Wright told THR in honor of the film’s 20-year re-release that the scene was included to show how Darcy and Elizabeth’s “bodies” already realized their inevitable romance before either of them consciously did.
“The hand scene was really a kind of articulation for me of this idea that sometimes our bodies know best,” Wright said, “that our minds might be a little slow to catch up, and that both Darcy and Elizabeth’s bodies, their hands, their whole nervous system, is aware of the importance of that person in their lives and in their futures. She certainly isn’t, but he has a growing awareness at this point. And when he flexes his hand as he walks away, it’s a kind of almost a shaking off of that feeling of that reality.”
Wright also spoke to how important the casting was for the film. The director wanted to have younger actors in the lead roles to more accurately represent the ages of the characters in the novel.
“It’s a story about very young people falling in love for the first time and written by a very young person discovering her talent for the first time, so it was really important that the film had that energy,” Wright said. “Previous iterations of ‘Pride & Prejudice’ or other period movies had often cast actors, male and female in their kind of twenties, late twenties, even once they’ve become slightly more established.
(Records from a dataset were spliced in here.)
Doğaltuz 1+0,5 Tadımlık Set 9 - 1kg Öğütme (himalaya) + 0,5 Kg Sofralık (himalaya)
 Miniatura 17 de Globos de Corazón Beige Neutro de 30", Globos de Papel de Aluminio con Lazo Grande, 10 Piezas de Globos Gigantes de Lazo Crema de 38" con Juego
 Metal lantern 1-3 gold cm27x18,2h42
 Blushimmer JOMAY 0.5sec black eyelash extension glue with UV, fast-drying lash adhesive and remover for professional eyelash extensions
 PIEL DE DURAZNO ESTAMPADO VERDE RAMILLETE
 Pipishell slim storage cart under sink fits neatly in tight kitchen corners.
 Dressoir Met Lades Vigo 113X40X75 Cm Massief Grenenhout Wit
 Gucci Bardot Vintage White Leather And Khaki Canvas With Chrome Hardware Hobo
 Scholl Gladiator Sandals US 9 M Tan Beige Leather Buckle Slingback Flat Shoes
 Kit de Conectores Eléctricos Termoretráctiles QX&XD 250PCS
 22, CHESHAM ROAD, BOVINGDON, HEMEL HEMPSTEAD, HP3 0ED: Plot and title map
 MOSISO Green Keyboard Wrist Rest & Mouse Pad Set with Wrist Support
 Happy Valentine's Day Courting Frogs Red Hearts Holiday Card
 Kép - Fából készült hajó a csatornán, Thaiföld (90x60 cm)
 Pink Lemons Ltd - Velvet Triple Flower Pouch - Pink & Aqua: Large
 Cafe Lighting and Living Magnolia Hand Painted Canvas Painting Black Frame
But that seemed wrong to me.”
And Wright even had his two leads film two very different endings for the film, based on international audiences.
“The original film has actually two endings: One version that was for America and one version that was for everyone else,” he said. “I didn’t have final cut on the movie at the time, and after much debate, it was a kind of compromise solution. The American version had a final scene of Darcy and Elizabeth on their wedding night, speaking posies to each other, and I felt it was a little too sweet and sentimental. I much preferred the ending that ended on Mr. Bennett and his joy at his daughter’s betrothal. So there are two endings out there.”
“Pride & Prejudice” is now receiving a Netflix adaptation led by Emma Corrin, Jack Lowden, and Olivia Colman.